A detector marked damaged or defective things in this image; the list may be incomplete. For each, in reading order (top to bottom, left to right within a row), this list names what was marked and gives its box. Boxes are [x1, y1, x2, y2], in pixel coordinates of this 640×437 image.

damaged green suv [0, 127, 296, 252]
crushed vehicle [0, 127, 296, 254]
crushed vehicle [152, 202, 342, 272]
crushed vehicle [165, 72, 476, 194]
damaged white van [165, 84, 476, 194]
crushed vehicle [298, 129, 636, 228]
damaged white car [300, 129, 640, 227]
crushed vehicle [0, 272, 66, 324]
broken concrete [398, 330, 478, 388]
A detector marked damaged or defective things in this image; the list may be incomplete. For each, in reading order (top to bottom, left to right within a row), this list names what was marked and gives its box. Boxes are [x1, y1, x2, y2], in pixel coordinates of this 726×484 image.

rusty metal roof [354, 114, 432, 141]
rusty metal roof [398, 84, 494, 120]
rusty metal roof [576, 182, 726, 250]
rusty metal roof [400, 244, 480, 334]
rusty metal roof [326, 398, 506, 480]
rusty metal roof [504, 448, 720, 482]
+ + + + + + +
What is required: Copy the data above exactly. Every line must be included.

Response below:
A detector marked damaged or defective things in this image; the list may be incomplete. For each, in reading order (top to bottom, left to right within a row), this list names what was marked and gives its box. Boxes are [x1, y1, x2, y2], in pixel coordinates of this 640×437 image.

damaged green suv [0, 127, 296, 252]
crushed vehicle [0, 127, 296, 254]
crushed vehicle [152, 202, 342, 272]
crushed vehicle [165, 72, 476, 194]
damaged white van [165, 84, 476, 194]
crushed vehicle [298, 129, 636, 228]
damaged white car [300, 129, 640, 227]
crushed vehicle [0, 272, 66, 324]
broken concrete [398, 330, 478, 388]
A detector marked damaged or defective things in this image; the list may be incomplete. For each, in reading order (top to bottom, left to right within a row), this list names what was marked and gives its box. Boxes are [x1, y1, x2, y2], in pixel coordinates of this 726×484 image.

rusty metal roof [354, 114, 432, 141]
rusty metal roof [398, 84, 494, 120]
rusty metal roof [576, 182, 726, 250]
rusty metal roof [400, 244, 480, 334]
rusty metal roof [326, 398, 506, 480]
rusty metal roof [504, 448, 720, 482]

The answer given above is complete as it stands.